Posted by Shazarch on 18 Mar 2021

Curia Hostilia

8th century BCE - 1st century BCE, Roman Forum

Cultural site

The Curia Hostilia, one of the original senate houses of the Roman Republic, has a foundational history intertwined with Rome's earliest days. Tradition holds that it began as a temple during the reign of Romulus, where tribes laid down their arms, and later served as a council space to the king. Tullus Hostilius is credited with reconstructing the Curia after a fire. Notable is the presence of the Lapis Niger, a set of black marble slabs marking a sacred altar, the Volcanal.
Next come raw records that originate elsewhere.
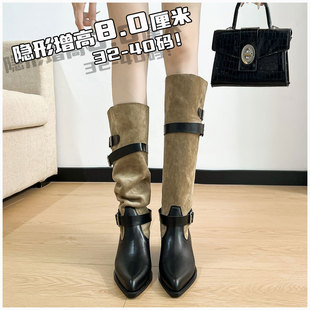 �F؛~����8cm�LͲѥŮ�ﶬ�¿�Ƥ���۶Ѷ�ѥ�ָ���Ͳ���^�Tʿѥ��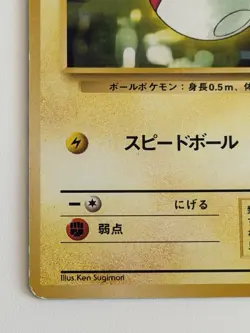 Voltorb No.100 Team Rocket Old Back vintage Japanese Pokemon Card From Japan - Image 4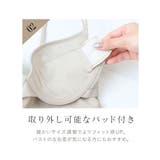 「2cup盛りtype」ブラモネ キャミソール カップ付き | tu-hacci | 詳細画像16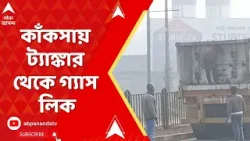 Durgapur News: কাঁকসায় ট্যাঙ্কার থেকে গ্যাস লিক, ক্যাপসুল সিলিন্ডারের গ্যাস লিক করে বিপত্তি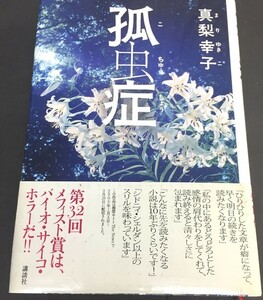 ※配送料無料※　＜ 単行本＞ 真梨 幸子 「孤虫症」 (第32回メフィスト賞受賞のバイオ・サイコ・ホラーミステリ）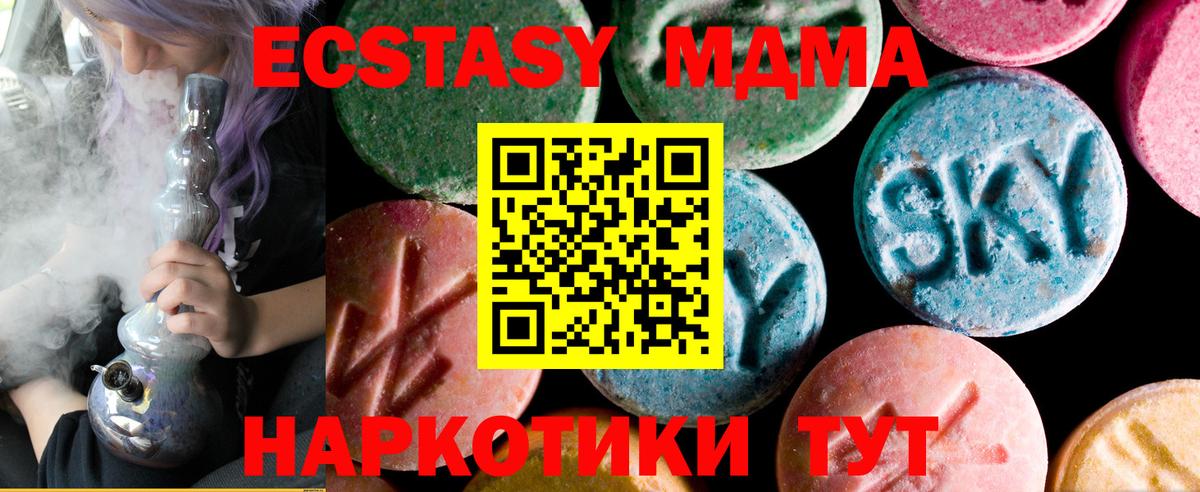 сайты даркнета как зайти  Вход с VPN  Экстази ешки  Карачаевск  Ecstasy 280мг  Экстази 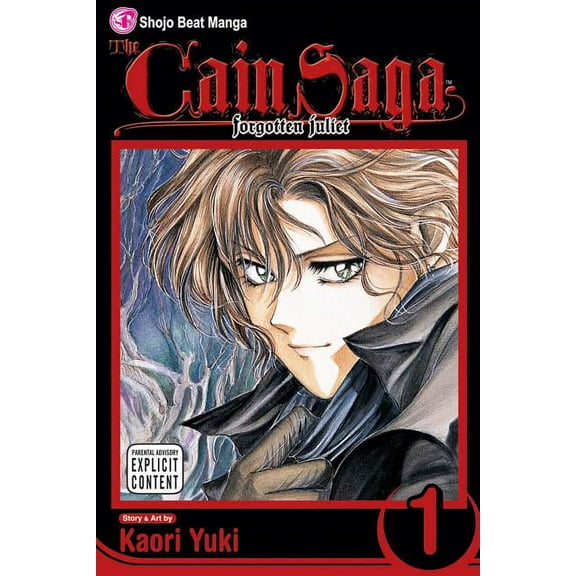 The Cain Saga: The Cain Saga, Vol. 1 (Series #1) (Edition 1) (Paperback)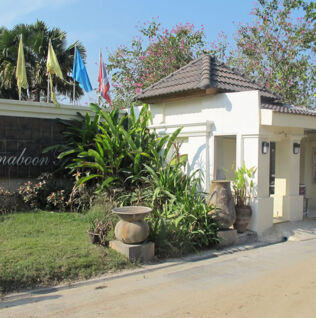 บ้านธนาบุญพร็อพเพอร์ตี้ Baan Thanaboon Property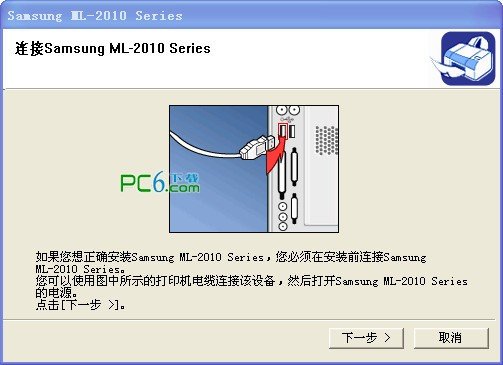 三星ml2010驱动
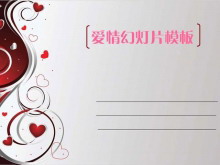 浪漫情色爱情幻灯片模板下载-第一PPT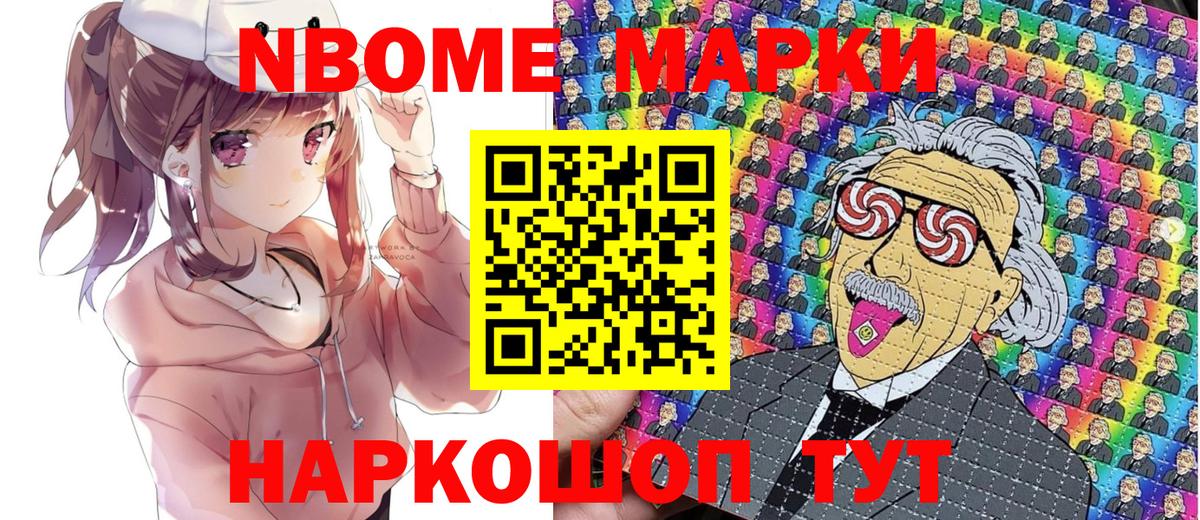 Марки N-bome 1,8мг  Вход с VPN  Красноуфимск  Марки N-bome 1,8мг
Lucius Cornelius Sulla expanded the Curia in 80 BCE. The Curia Hostilia's final demise came in 52 BCE, when it was set ablaze during the funeral of Publius Clodius Pulcher. Throughout its existence, the Curia Hostilia underwent several architectural changes but retained its original form, serving as the epicenter of political life in early Rome. Open to the public, it allowed citizens to observe senatorial debates. Details such as the 'Tabula Valeria', a painting of a military victory, adorned its exterior. The Curia's location in the Forum Romanum underscored its symbolic importance to the Republic. Although the building's precise appearance is uncertain, it may have resembled the Curia Julia, sharing classic architectural lines. The Curia Hostilia was ultimately replaced by the Curia Cornelia and then by the Curia Julia, the latter completed by Emperor Augustus.